We also saw the 5000th re-run of quick-and-athletic-point-guard-absolutely-shreds-the-Lakers-defense, courtesy of Eric Bledsoe, who finished with 22 points, 11 assists and one steal shy of a triple double. Usually we see Lakers point guards and help defense get torched by Derrick Rose, Russell Westbrook, Rajon Rondo, Deron Williams, et al. Bledsoe has applied for immediate inclusion on that list.
And, as is often the case in games involving the Clippers, there were loads of dunks and lobs and feats of grandeur that generally make opponents look and feel inadequate as they try (and fail) to avoid being posterized.
Oh, and the "focused and driven" Metta World Peace made the guy who wrote this column look like a moron. He shot 4-of-14 from the field and 2-of-8 from beyond the arc.
Are you always this negative? No. Not really. There were some bright spots in the Lakers loss. Pau Gasol was Pau Gasol. He finished with 17 points and 8 rebounds, and did it quietly. (And softly. Blake Griffin is too much of a bull-in-a-china-shop for anyone in the NBA to handle physically, which means he turns Gasol into a rag doll on the regular. Case in point: Wednesday night.) Jordan Hill rebounded from a horrible start that saw him get worn out by Hollins and look awfully rusty (or exactly like a guy playing in his second preseason game might look), and finished with 12 points and eight rebounds on 5-of-8 shooting. Steve Blake was 3-of-4 from behind the arc and Robert Sacre finished with 13 points and seven rebounds while playing with the physicality of a guy who has two black eyes and was the last pick in the 2012 NBA Draft.
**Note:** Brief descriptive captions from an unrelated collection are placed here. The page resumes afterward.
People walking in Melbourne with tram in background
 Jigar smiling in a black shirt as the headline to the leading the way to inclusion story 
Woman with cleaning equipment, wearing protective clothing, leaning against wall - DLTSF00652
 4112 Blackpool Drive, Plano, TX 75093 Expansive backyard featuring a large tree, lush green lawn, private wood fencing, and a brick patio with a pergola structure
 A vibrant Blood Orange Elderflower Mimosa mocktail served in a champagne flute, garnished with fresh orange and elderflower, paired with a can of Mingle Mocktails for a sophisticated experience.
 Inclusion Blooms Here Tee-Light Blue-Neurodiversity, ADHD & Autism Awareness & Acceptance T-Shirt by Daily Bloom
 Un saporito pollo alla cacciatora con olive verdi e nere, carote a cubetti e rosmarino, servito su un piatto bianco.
In closing, I leave you with this. The 2008 Detroit Lions went 4-0 in the preseason. They finished the regular season 0-16. Maybe the Lakers are flipping the script.
82 wins, anyone?
Tipoff for the Lakers final preseason game against the Sacramento Kings is scheduled for 7 p.m. PT at Valley View Casino Center and the game will be televised on that network that most of us don't get.